• Task description:
Look for the string "Blouse" in the listing below and copy every line in which it appears.
"""
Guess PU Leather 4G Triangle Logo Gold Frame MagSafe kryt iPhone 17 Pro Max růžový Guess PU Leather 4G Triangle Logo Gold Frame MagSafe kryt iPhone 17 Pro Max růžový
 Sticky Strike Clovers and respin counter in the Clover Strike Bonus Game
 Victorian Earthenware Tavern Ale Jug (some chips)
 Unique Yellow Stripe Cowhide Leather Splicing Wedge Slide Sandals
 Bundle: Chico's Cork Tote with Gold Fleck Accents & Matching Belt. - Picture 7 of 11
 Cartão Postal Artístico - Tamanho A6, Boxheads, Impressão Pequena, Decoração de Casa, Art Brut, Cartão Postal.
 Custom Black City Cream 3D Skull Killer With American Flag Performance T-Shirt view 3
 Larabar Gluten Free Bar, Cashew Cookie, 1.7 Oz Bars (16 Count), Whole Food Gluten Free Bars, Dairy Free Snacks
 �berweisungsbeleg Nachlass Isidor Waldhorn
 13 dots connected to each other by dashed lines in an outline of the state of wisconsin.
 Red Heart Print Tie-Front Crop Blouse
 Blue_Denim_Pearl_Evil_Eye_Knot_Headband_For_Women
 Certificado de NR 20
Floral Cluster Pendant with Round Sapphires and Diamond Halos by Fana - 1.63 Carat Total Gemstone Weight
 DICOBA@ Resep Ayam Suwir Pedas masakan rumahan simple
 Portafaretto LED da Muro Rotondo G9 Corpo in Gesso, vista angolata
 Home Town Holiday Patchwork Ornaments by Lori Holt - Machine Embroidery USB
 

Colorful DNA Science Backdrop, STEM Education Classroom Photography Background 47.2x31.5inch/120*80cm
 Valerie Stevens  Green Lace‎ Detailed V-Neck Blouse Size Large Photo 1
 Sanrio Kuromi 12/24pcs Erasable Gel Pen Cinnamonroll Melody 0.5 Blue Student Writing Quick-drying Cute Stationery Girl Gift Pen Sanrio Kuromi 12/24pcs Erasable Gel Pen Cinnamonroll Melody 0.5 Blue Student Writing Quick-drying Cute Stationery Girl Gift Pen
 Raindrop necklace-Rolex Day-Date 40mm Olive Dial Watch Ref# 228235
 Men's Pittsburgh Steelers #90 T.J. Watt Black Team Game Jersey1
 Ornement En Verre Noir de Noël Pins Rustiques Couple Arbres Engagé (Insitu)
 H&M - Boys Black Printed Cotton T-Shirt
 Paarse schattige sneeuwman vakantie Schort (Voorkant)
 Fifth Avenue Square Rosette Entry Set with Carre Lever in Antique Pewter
"""
• Task response:
 Red Heart Print Tie-Front Crop Blouse
 Valerie Stevens  Green Lace‎ Detailed V-Neck Blouse Size Large Photo 1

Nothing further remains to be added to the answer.